La situation économique, sociale et politique de nos pays est la résultante du type de pouvoir qui est exercé dans nos différents pays. La nature des hommes détermine toujours le résultat de la gouvernance qui est sous nos cieux. Nous faisons ici le pari que dans trente à quarante ans nous serions encore là avec des grandes ville privées d’électricité et d’eau potable, des salaires non payés, des mutineries, des arrestations arbitraires, des emprisonnements sans jugements, dans un marécage de corruption et le tribalisme comme institution dans le fonctionnement de l’Etat.

Nous ne parlons même pas des écoles qui sont un peu partout des dépotoirs.
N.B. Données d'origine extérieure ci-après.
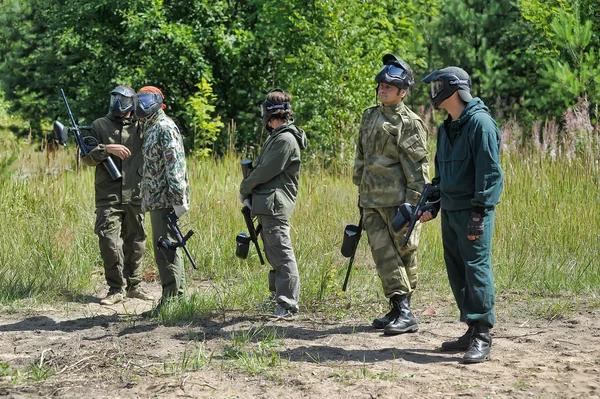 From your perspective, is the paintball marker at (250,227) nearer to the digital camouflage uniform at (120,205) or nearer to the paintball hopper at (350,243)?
the paintball hopper at (350,243)

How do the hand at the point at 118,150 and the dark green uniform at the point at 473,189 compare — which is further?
the hand at the point at 118,150

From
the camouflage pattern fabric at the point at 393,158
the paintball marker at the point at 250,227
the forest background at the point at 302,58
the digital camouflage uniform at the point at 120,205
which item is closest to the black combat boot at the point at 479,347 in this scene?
the camouflage pattern fabric at the point at 393,158

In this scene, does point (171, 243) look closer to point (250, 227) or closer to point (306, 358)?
point (250, 227)

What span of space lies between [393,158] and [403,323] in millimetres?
1261

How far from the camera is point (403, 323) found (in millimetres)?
6734

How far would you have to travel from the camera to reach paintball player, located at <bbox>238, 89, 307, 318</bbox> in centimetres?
711

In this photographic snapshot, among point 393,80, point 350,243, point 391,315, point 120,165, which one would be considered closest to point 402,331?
point 391,315

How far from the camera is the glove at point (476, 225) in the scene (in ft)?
18.5

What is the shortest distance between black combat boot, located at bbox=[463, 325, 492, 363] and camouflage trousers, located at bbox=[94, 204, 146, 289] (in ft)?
12.1

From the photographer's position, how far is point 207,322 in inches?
284

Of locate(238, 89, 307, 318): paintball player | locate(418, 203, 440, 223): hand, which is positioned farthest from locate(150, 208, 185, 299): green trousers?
locate(418, 203, 440, 223): hand

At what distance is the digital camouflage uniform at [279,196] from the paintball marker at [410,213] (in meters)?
1.23

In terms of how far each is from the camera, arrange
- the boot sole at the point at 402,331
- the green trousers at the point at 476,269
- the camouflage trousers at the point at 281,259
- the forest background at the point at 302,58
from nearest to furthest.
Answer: the green trousers at the point at 476,269 < the boot sole at the point at 402,331 < the camouflage trousers at the point at 281,259 < the forest background at the point at 302,58

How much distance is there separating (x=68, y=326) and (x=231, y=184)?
4199mm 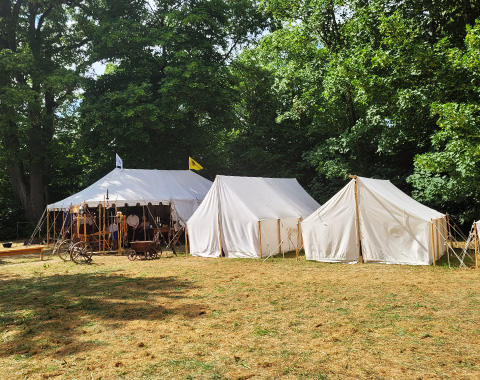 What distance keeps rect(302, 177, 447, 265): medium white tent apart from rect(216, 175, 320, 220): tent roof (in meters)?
1.85

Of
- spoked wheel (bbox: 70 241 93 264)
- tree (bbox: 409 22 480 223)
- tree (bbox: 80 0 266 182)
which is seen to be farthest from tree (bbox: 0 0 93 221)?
tree (bbox: 409 22 480 223)

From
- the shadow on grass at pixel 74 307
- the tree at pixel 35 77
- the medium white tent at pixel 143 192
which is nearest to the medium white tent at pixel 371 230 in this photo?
the shadow on grass at pixel 74 307

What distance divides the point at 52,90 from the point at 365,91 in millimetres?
14649

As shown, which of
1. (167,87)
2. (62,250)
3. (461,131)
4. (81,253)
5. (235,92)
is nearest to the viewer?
(461,131)

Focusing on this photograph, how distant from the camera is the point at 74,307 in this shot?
6930mm

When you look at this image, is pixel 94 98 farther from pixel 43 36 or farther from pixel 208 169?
pixel 208 169

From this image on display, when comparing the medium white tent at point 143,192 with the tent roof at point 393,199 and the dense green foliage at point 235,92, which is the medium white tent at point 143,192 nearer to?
the dense green foliage at point 235,92

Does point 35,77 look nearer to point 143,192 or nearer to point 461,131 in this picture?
point 143,192

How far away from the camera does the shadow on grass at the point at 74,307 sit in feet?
16.9

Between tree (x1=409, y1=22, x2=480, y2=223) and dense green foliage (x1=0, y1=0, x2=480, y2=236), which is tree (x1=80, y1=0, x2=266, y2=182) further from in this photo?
tree (x1=409, y1=22, x2=480, y2=223)

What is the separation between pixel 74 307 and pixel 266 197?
8.37 m

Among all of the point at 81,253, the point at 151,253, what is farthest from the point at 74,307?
the point at 151,253

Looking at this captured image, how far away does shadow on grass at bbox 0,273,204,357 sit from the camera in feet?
16.9

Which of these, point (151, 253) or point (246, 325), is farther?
point (151, 253) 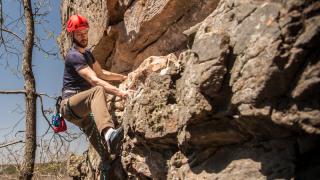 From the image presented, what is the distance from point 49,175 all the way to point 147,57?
18.0 ft

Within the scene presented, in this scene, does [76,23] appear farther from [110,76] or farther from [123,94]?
[123,94]

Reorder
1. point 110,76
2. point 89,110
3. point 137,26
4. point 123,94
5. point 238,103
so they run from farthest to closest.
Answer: point 110,76, point 137,26, point 89,110, point 123,94, point 238,103

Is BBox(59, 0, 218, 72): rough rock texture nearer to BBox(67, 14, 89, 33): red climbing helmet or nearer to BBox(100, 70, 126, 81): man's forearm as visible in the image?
BBox(100, 70, 126, 81): man's forearm

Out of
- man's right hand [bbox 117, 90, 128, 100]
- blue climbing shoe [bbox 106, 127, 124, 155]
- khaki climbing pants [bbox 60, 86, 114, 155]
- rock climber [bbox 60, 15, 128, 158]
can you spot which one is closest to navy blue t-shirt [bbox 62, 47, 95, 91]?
rock climber [bbox 60, 15, 128, 158]

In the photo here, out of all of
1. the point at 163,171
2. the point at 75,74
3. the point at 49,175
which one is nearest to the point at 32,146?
the point at 49,175

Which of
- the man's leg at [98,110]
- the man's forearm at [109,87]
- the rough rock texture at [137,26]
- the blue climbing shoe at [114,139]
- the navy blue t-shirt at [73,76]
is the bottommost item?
the blue climbing shoe at [114,139]

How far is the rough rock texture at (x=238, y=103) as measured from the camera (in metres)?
3.54

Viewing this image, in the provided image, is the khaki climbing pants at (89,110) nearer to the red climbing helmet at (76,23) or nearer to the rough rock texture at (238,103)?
the rough rock texture at (238,103)

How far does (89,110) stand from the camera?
21.4 feet

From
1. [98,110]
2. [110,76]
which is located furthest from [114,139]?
[110,76]

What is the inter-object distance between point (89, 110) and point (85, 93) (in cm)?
34

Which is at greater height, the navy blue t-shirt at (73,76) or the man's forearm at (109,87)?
the navy blue t-shirt at (73,76)

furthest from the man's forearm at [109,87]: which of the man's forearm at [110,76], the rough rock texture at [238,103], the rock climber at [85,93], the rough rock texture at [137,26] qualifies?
the rough rock texture at [137,26]

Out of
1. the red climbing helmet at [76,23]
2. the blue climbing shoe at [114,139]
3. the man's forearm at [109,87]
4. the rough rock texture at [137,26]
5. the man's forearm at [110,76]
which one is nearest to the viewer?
the blue climbing shoe at [114,139] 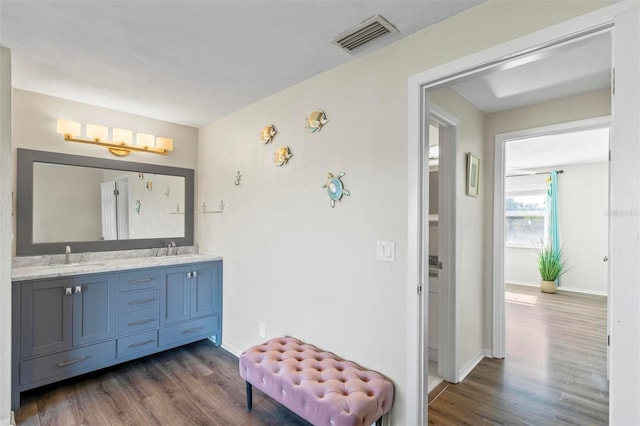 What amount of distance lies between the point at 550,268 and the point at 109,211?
270 inches

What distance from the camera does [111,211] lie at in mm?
3025

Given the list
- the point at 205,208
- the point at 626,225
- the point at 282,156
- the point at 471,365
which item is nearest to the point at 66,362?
the point at 205,208

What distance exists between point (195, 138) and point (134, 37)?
74.7 inches

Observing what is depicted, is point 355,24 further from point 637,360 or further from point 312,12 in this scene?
point 637,360

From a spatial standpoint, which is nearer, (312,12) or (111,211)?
(312,12)

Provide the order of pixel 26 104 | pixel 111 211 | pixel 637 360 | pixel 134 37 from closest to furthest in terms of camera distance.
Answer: pixel 637 360
pixel 134 37
pixel 26 104
pixel 111 211

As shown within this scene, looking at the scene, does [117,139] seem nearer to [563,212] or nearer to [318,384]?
[318,384]

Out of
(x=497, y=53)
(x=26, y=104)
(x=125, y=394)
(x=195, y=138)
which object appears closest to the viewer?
(x=497, y=53)

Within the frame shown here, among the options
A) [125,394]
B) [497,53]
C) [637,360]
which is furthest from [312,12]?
[125,394]

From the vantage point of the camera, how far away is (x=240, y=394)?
2.33m

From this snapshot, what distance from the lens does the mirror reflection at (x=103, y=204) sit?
266cm

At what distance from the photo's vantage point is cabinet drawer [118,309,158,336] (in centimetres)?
259

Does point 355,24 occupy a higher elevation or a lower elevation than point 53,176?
higher

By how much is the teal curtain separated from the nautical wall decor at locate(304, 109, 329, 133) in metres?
5.75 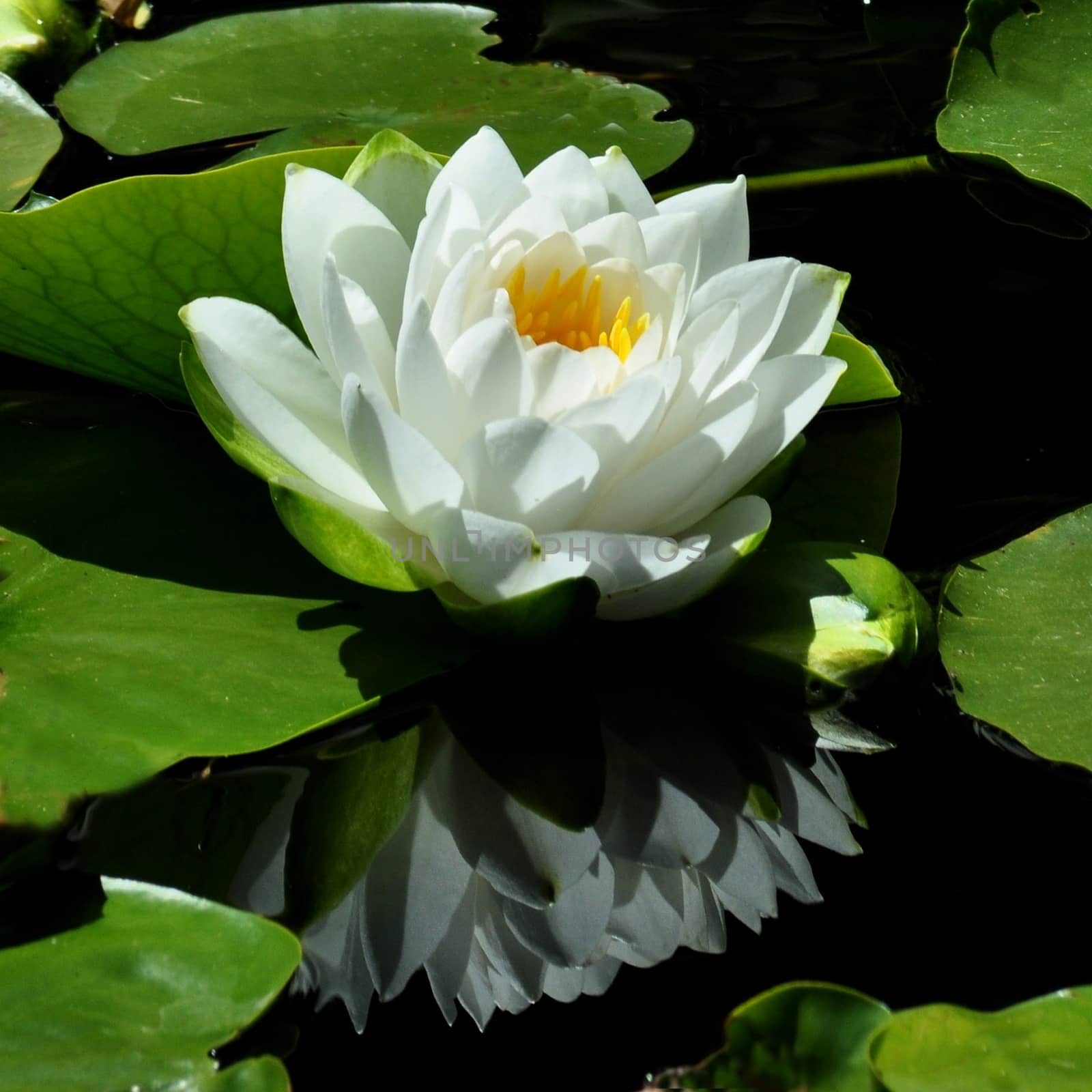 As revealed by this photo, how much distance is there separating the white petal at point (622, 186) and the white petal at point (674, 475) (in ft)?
0.72

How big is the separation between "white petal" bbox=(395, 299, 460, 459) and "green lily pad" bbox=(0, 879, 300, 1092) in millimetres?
386

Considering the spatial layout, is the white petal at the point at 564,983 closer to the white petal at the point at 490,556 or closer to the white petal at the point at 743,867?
the white petal at the point at 743,867

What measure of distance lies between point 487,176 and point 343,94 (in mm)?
955

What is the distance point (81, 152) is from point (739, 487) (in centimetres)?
130

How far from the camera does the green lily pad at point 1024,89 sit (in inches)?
63.0

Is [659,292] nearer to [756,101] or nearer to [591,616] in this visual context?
[591,616]

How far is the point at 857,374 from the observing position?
127 centimetres

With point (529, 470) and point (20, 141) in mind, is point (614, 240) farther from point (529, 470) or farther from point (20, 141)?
point (20, 141)

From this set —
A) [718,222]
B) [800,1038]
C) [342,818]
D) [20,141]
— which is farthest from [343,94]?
[800,1038]

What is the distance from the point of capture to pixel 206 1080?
0.71 metres

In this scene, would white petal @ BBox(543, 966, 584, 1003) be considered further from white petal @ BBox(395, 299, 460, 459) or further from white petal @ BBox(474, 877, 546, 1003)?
white petal @ BBox(395, 299, 460, 459)

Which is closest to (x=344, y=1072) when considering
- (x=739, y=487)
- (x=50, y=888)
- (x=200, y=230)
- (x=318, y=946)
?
(x=318, y=946)

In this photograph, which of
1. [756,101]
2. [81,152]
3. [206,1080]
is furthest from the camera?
[756,101]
Les hôpitaux devenus des mouroirs un peu partout en Afrique et des grandes prisons concentrationnaires bondées jusqu’aux toits de tous ceux qui ont osé exprimer une opinion contraire à la gouvernance en place.

Ainsi une simple ménagère ou une servante de maison peuvent être jetées en prison sans jugement pendant des années parce qu’elles travaillaient au domicile d’un opposant. Le motif de trouble à l’ordre public ou l’atteinte à la sureté de l’Etat permet d’arrêter n’importe quel citoyen et de le jeter en prison pour rien.
Ne parlons même plus des universités qui manquent de tout et qui ne servent plus à rien. Le gouvernement en Afrique donne rarement un horizon aux citoyens. Laisser végéter les peuples dans la boue, la pauvreté, la crasse, la peur, la misère, la faim, la soif, la maladie et la désespérance, telle est la réalité quotidienne de nos populations.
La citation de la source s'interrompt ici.